Argomento distribuzione. La vostra casa editrice come affronta la promozione e la diffusione del catalogo?
“Siamo distribuiti nazionalmente da NdA e gestiamo una serie di rapporti diretti di conto vendita con alcune librerie indipendenti, principalmente sul territorio del Lazio.”

C’è qualche storia che ancora non è stata raccontata che vorrebbe pubblicare?
“Una parte di Caravan le risponde: sì, una in particolare, ma se dico qual è me la rubano; l’altra parte di Caravan è d’accordo con la prima.”

Quali caratteristiche deve avere il volume affinché possa ritagliarsi nel mercato uno spazio adeguato?
“Stando alla “teoria della coda lunga” di Anderson, qualsiasi opera scritta, figurativa o musicale ha una sua fetta di mercato. Si va dal totale di parenti e amici dell’autore, ma questo estremo personalmente non ci interessa, alla totalità dei fruitori di quel determinato prodotto: è sufficiente decidere a priori a chi ci si rivolge, e quanto è ampio e specifico questo pubblico, e farsi due conti per capire se conviene investire su quella proposta. Capita anche però di azzardare, e lì può succedere di tutto, ma può succedere di tutto, persino un flop totale, anche quando hai preventivato ogni cosa.
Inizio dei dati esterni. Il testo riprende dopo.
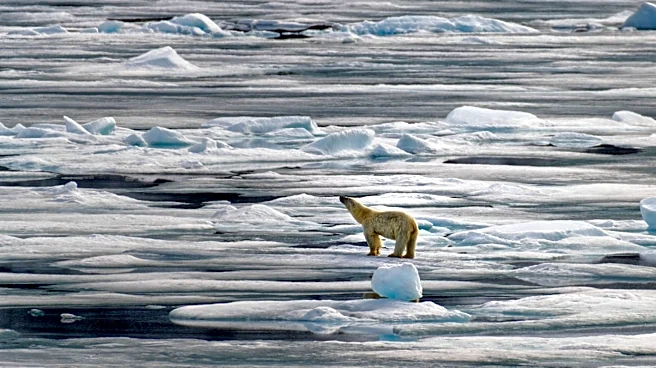 Extreme Weather Events Highlighted in 'Force of Nature' Documentary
Quali sono i limiti e le potenzialità di una casa editrice indipendente?
“Purtroppo i fattori qualitativo ed economico sono inscindibili: se alcuni autori sono molto quotati nel 50% dei casi è perché se lo meritano, e allora lievitano gli anticipi e puoi solo sognarti di ospitare quell’autore nel tuo catalogo. Ma è una questione di compromessi, non c’è nulla di male. Altro limite è la minore visibilità in libreria e la minore esposizione mediatica rispetto ai grandi gruppi editoriali, ma anche lì, è tutto relativamente proporzionale alle dimensioni e al ruolo occupati nel mercato.”
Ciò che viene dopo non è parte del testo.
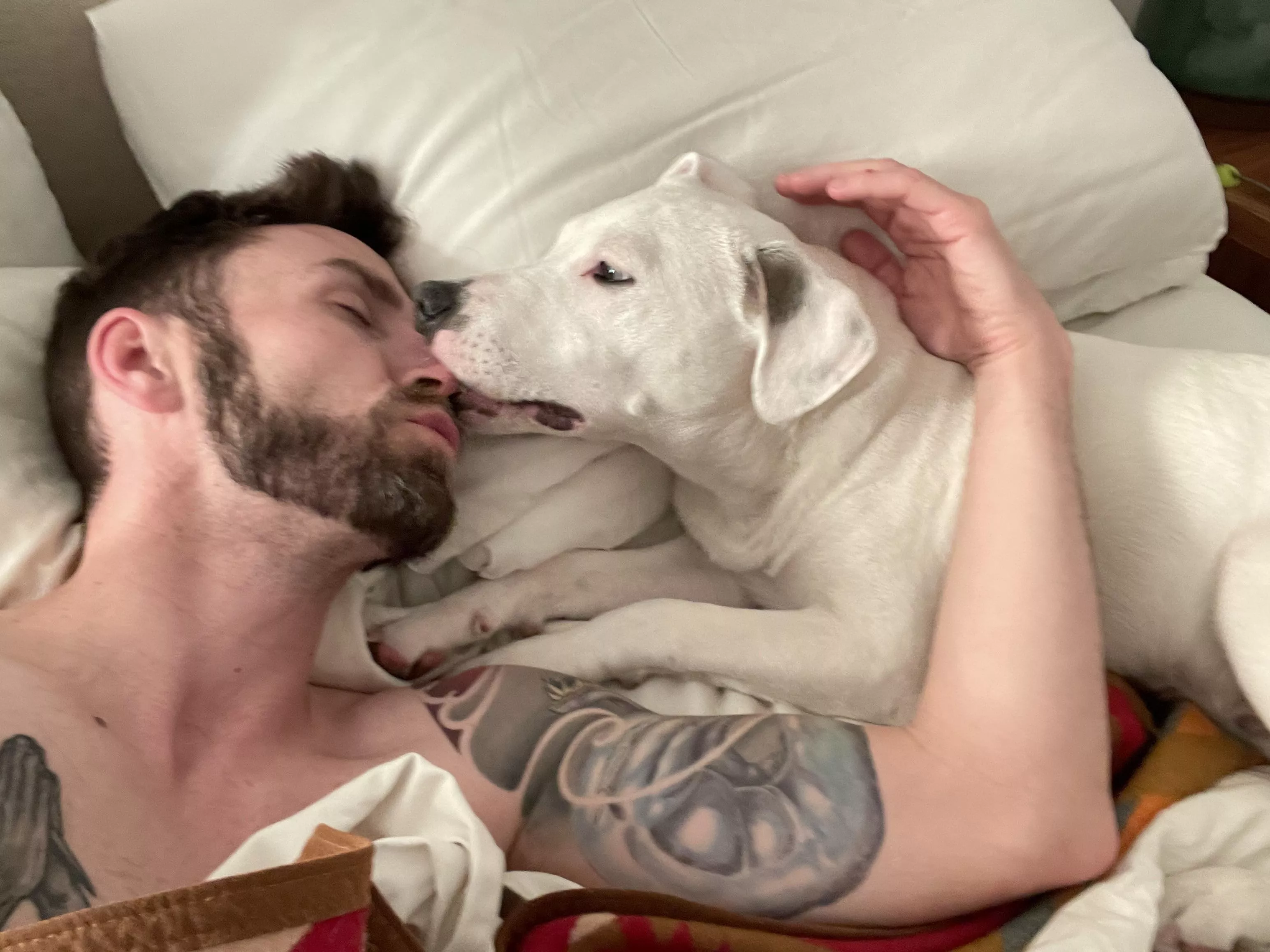 He sits diligently by me when I stay up late to game, then wakes me up every morning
Cartaceo e/o e-Book: qual è la posizione della casa editrice?
“Cartaceo e e-Book sono due supporti diversi, non necessariamente in competizione. Convivono già ottimamente. C’è chi ama l’uno, c’è chi ama l’altro. Certo che “l’equilibrio” tra i due supporti deve ancora trovare il suo baricentro. Nel frattempo su BookRepublic e altrove si possono trovare i nostri e-Book.”
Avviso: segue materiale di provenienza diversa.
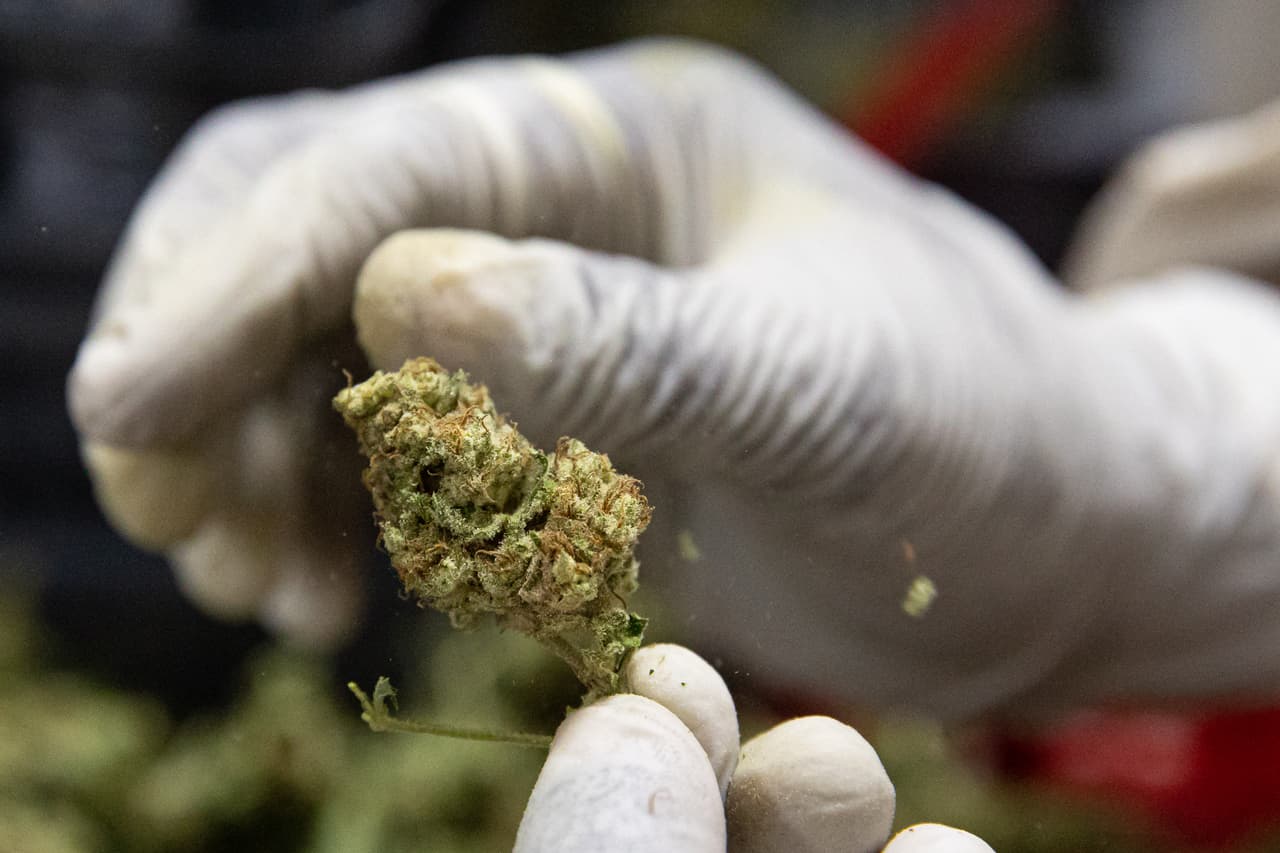 El Senado de México aprueba el uso recreativo de la marihuana, falta la aprobación de los diputados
Quali sono le novità e i progetti in arrivo?
“Siamo pieni di novità. Innanzitutto il nostro piano editoriale annuale, che finora è stato piuttosto snello, si irrobustirà esponenzialmente in termini di numero di uscite. Poi, oltre a seguire la linea dello scouting di giovanissimi autori sudamericani, ci stiamo aprendo all’Est Europa e agli emergenti italiani. Terza branca della casa editrice, la saggistica, al momento specializzata in diritti delle donne, ma pronta ad affrontare panoramiche più ampie.”